Pin Up Hang Up dénonce les injustices du monde de l'art ainsi que son absurdité et ses répercussions. Après le questionnement de l'artiste sur la visibilité et l'estime de soi, et son "blocage" [hang up] sur la façon dont les artistes représentant leur propre souffrance sont valorisés sur le marché de l'art, le texte présente ensuite une courte liste de choses dans lesquelles on investirait si l’on achetait son œuvre, comme le loyer de l'artiste et le temps pour s'occuper de soi. Cependant, la liste est brusquement interrompue par l'idée de stérilité - particulièrement en ce qui concerne les femmes et l'infertilité - et d'inutilité qui prend le dessus, alors qu'elle se demande ce que cela signifierait, peut-être, de faire une "représentation stratégique de la stérilité pour résister à l'exploitation." L'œuvre se dévoile ainsi comme une telle représentation puisque l'auteur poursuit en déclarant "Cette page est sans valeur."
Voici donc une analogie appropriée pour notre système fissuré : si le salaire est au travail, la visibilité et le doute de soi sont à l'œuvre d'art. Bouleversant, certes, mais largement reconnu. “On ne paie pas les artistes, on les aide", dit Nathalie Quintane dans un essai sur la rémunération des artistes publié en 2021. Les aider de quelle manière, pourrait-on se demander ? D'abord et avant tout, en leur offrant une visibilité et/ou une représentation sur la scène et sur un marché qui profite à beaucoup de gens, mais pas aux artistes elleux-mêmes, sans doute, et surtout comme c'était le cas pour Luzie Meyer -, puis en leur offrant une réputation - car être réputé·e ne fait qu'ajouter à votre valeur intrinsèque -, et peut-être même en leur offrant une aide financière - mais des sommes modestes, loin de ce que les travailleur·eues salarié·es gagnent dans leurs professions. Car, comme l'écrit Luzie Meyer, si un·e artiste est digne, il ou elle doit accepter ce système fissuré, reconnaissant que "le personnel et le politique sont du capital", et donc que son art l'est aussi, mais pour que d'autres l'exploitent comme tel.
"Ils appellent ça de l'amour.
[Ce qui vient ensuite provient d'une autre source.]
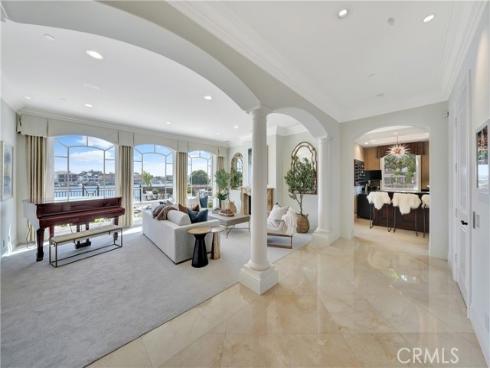 3352  Bounty  , Huntington Beach, CA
Nous l'appelons travail non rémunéré", cette citation de Silvia Federici révélant ce type de violence systématique a été citée ces dernières années par divers collectifs, artistes et activistes qui luttent pour les droits des artistes (Wages For Wages Against, La Buse, Eva Barto, Fanny Lallart, pour n'en citer que quelques-un·es...). Parce que la condition de l'artiste est "symboliquement privilégiée mais économiquement désastreuse" et parce que “les arts visuels sont à mi chemin entre production artisanale et intellectuelle, parce qu’ils se sont historiquement construits en tension avec la production industrielle de masse et parce qu’ils se prêtent à la propriété privée, ils relèvent d’un univers économique qui leur est propre, et qui surdétermine la manière dont les artistes qui les pratiquent abordent les questions économiques les plus générales.”
Dans Pin Up Hang Up, Luzie Meyer aborde la question économique la plus générale - celle d'être payé·e - par la poésie, la mise à nue et l'humour. Pleinement consciente de sa condition d'artiste - et plus particulièrement d'artiste fémmme - Luzie Meyer rappelle à celleux qui souhaitent acquérir le poème ce dans quoi iels investissent réellement : "Encore une chose dont vous ne saviez pas que vous aviez besoin ou que vous vouliez : un très bon sens de l'humour" — rien de plus. Poussant là où ça fait mal dans le monde complexe de l'art contemporain, Luzie Meyer rappelle que même si "l'art est plus ancien que le commerce", il a néanmoins été marchandisé, et ce sont les créateur·rices qui devraient en bénéficier directement.